Spam Mitigation
Table of Contents
- Summary
- Application-wide
- Preventing spammer account creation
- Preventing spam from being posted
- Reducing spam value
- Future plans
Summary
We have a number of channels that are public and allowing non-MIT users to post content is a feature we want to continue to offer. This comes with the problem of bad actors trying to post spam content on our site. Spammers are typically trying to link into their own sites and they often link back to ours as well.
To combat this, we should approach this with a defense in depth strategy, depending on no single component to stop everything.
Application-wide
Blocking IP addresses
This strategy makes it easier to block spammers based on where their requests are originating. Configuration is represented by the data model authentication.models.BlockedIPRange
, which you’d typically configure in django-admin
. This supports the blocking of ranges of IPs, a situation we can encounter if a spammer is coming in over a proxy server hosted on a cloud service. Cloud services enable the spammer to get a new IP if they burn the one they’re currently using, which means a lot of jumping around for us trying to block them.
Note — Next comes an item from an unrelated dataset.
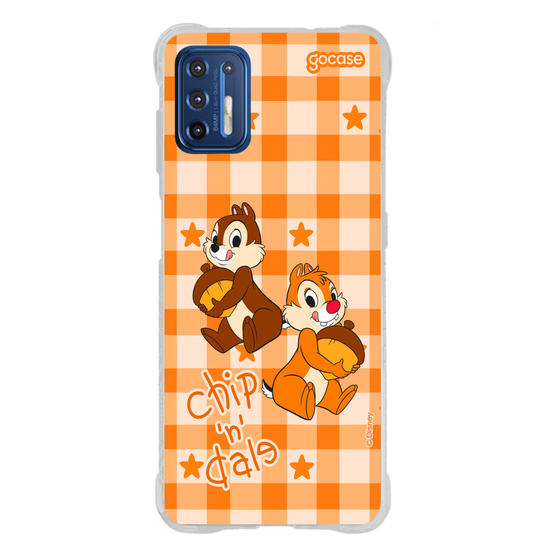 Capinha para celular  Tico e Teco Xadrez Laranja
Instead, we would block on a range once we identify the cloud provider, which typically retain a block of IP addresses for their services.
We use django-ipware
to determine the IP address of the incoming request, this library handles a lot of the networking and request-level nuances around determining what header the IP address is pulled from. It’s also highly configurable should our needs/deployment situation change.
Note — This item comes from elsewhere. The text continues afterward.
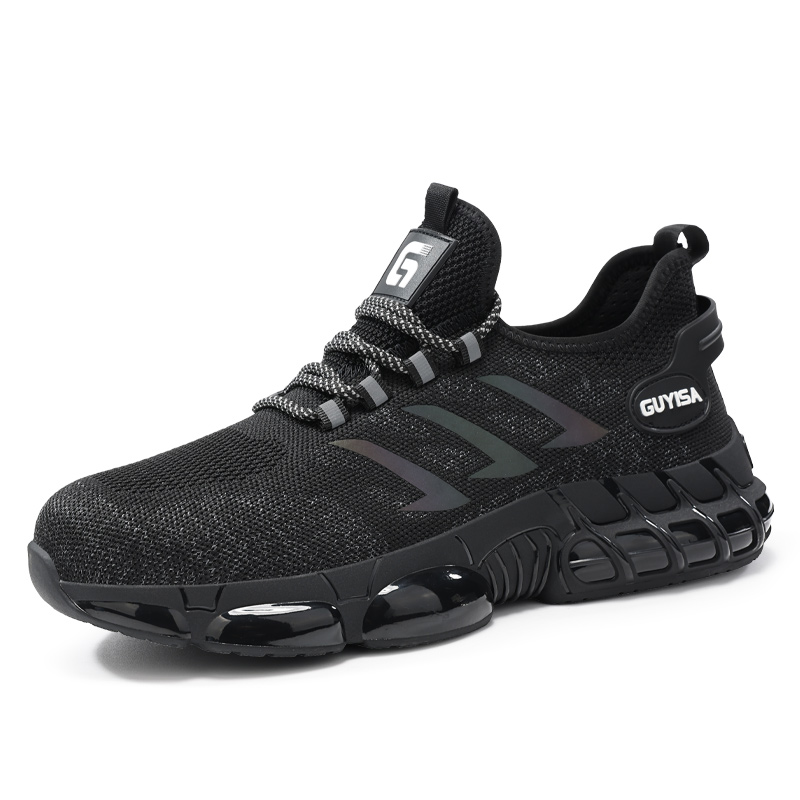 GUYISA Impact Resistant Cushioning Slip Resistant Low top Outdoor Shoes Men’s Black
We allow read-only access for blocked IP and block any mutable requests (e.g. POST
, PUT
, etc).
Preventing spammer account creation
We’ve taken some steps to mitigate the spammer’s ability to create accounts.
Blocking email domains
This mostly has bearing to spammers trying to sign up with emails under a personal domain, as we can’t categorically block a domain like @gmail.com
. Configuration is represented by the data model authentication.models.BlockedEmailRegex
, which you’d typically configure in django-admin
.
Preventing spam from being posted
Private or protected channels
Private and protected channels have the protection that only contributors can create posts. In protected channels anyone can comment though as the posts are otherwise public. This is a quick way to lock down a channel if the current mitigation measures for that channel aren’t adequate.
Akismet spam checking
When a user creates or updates a comment or a post the first line of defense is checking the contents against Akismet, the spam checking service largely used by Wordpress. This allows us to avoid having to write our own service to classify spam and lean on the knowledge Akismet has around what spam looks like.
Akismet results are a binary True
/ False
on whether the content was spam. This opaqueness is a feature of the service so that spammers aren’t able to work around it.
Akismet spam results are stored in the channels.models.SpamCheckResult
model.
False Positives
Akismet can be a double-edged sword, it will occasionally misclassify a post or comment as spam. Since Akismet is a black box (and should be), we should focus our efforts on how to make handling false positives as user-friendly as possible.
Excluding moderators from spam checking
We’ve implemented a fix to exclude channel moderators from spam checks. At this time moderators are the most active content posters and they are almost always MIT staff, so we don’t expect spam from these users and avoiding the chance of false positives makes things easier all around.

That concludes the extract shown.